---- ENTRIES SUPPLIED

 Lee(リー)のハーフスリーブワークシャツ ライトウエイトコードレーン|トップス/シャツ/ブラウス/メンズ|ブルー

--------
---- ENTRIES SUPPLIED

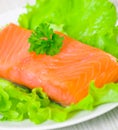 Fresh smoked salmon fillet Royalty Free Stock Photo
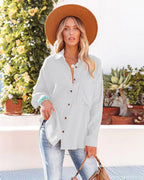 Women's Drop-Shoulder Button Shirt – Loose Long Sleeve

--------

▸ **WORK REQUIRED**:
Only one stretch of the entries above is needed: the lines from the one containing "Fresh smoked salmon" through the one containing "Women's Drop-Shoulder Button". Copy it exactly, without the pictures.

▸ **SOLUTION TO THE EXERCISE**:
 Fresh smoked salmon fillet Royalty Free Stock Photo
 Women's Drop-Shoulder Button Shirt – Loose Long Sleeve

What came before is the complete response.